- YOUR ASSIGNMENT: Transcribe exactly the stretch of lines beginning at the one containing "Solis Siebträger Kaffeemaschine" and closing with the last line of the entries below. Omit images.

RECORDS PROVIDED below:

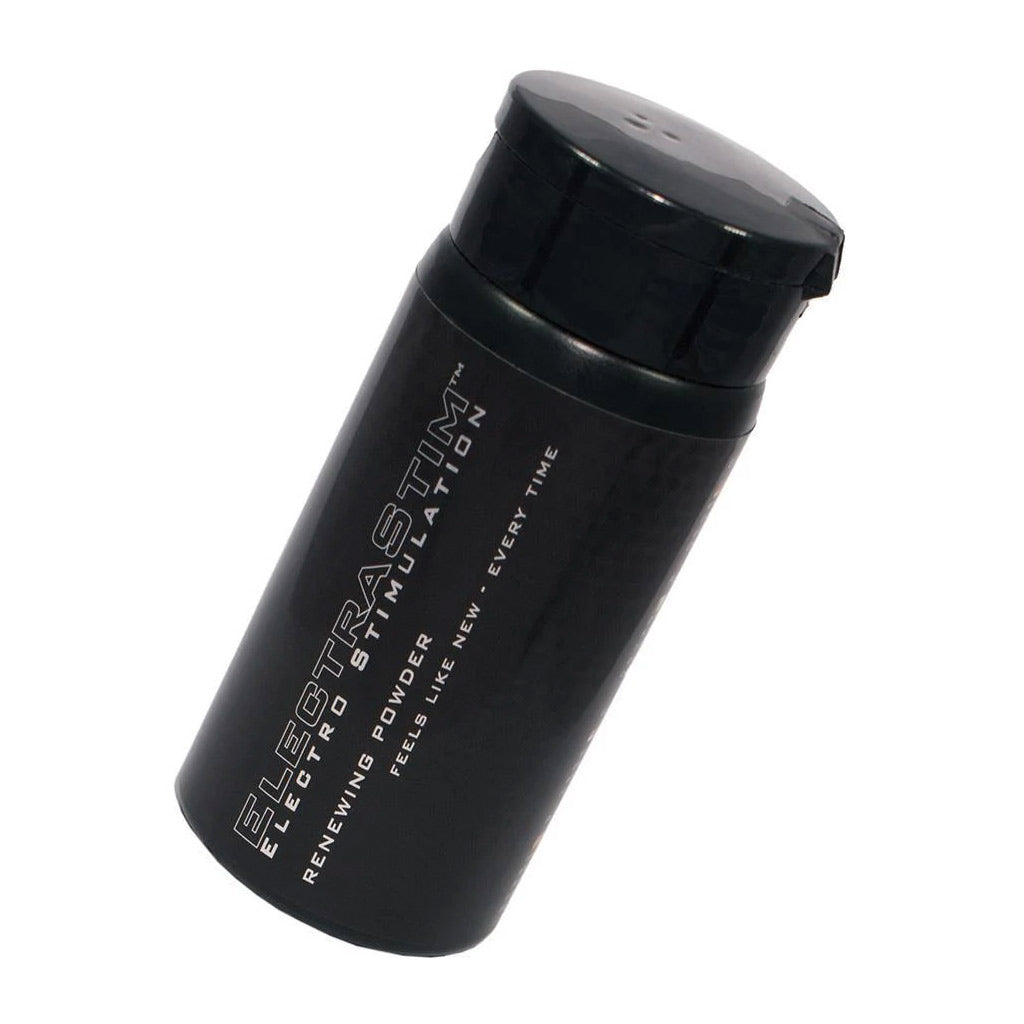 The Electrastim Renewing Powder For Tpe "Jack Socket" Sleeves is displayed against a blank background. It is a black plastic bottle.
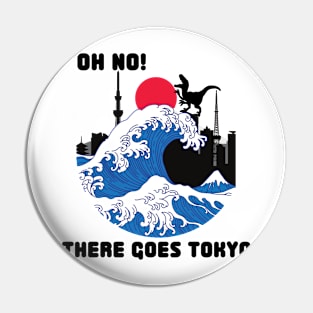 Hokusai Great Wave Dinosaur Mashup Pin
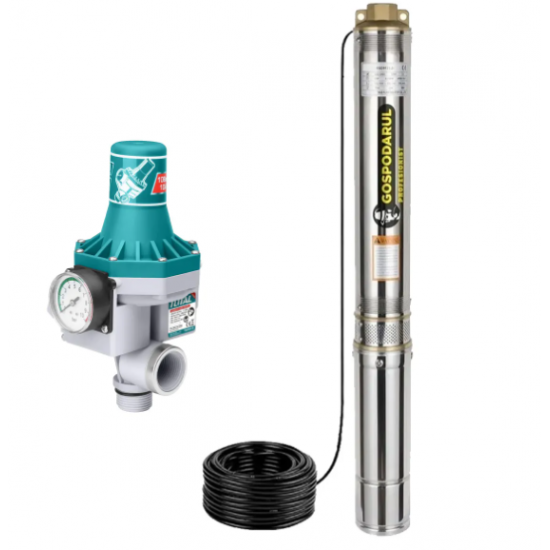 Pompa submersibila apa curata Gospodarul Profesionist 4QJD-1100, 8 turbine POM- 1100W, cablu 25m, 6000 l/h + Presostat Total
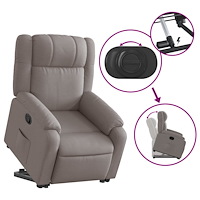 vidaXL Reclinerfåtölj med uppresningshjälp taupe tyg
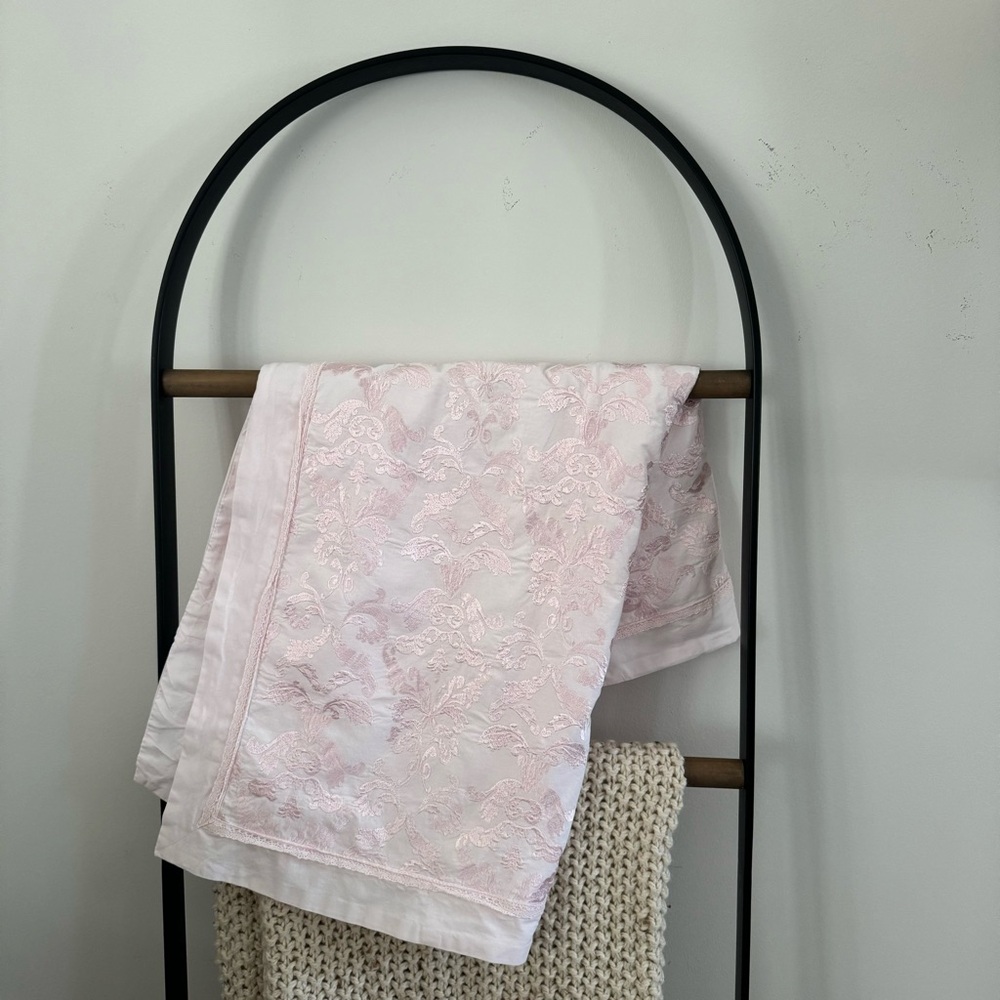 Simply Shabby Chic  | Euro Pillow 
Cover | Pink Cotton Embroidered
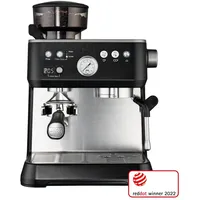 Solis Siebträger Kaffeemaschine 54 mm Siebhalter Milchaufschäumer Bohnenmahlwerk - Schwarz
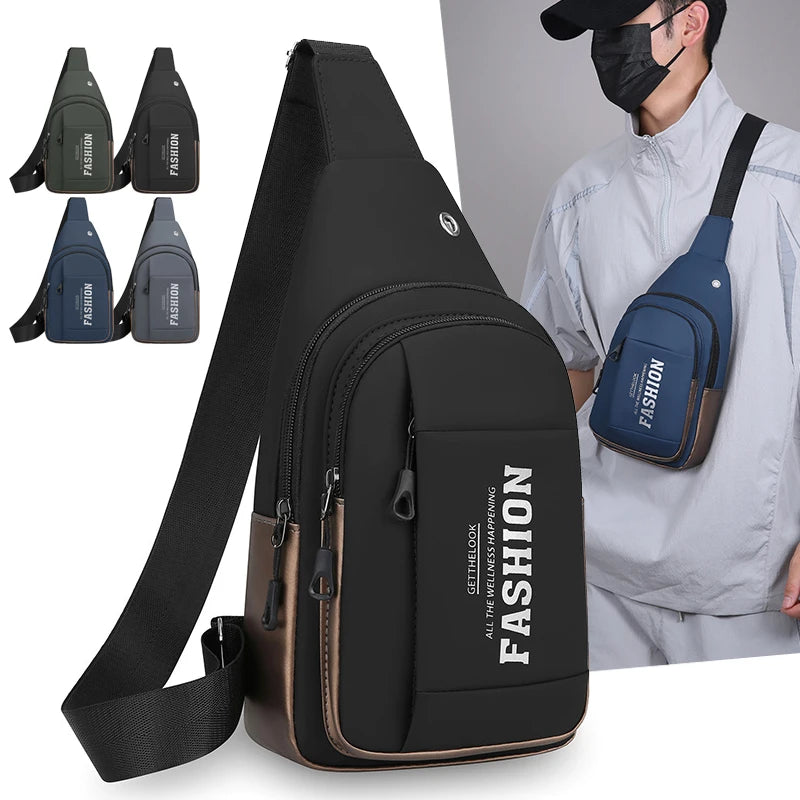 Splicing Style Sling Chest Bag — Lightweight Multi-Pocket Crossbody Pack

End of RECORDS PROVIDED.

- RESPONSE TO THIS EXERCISE:
 Solis Siebträger Kaffeemaschine 54 mm Siebhalter Milchaufschäumer Bohnenmahlwerk - Schwarz
 Splicing Style Sling Chest Bag — Lightweight Multi-Pocket Crossbody Pack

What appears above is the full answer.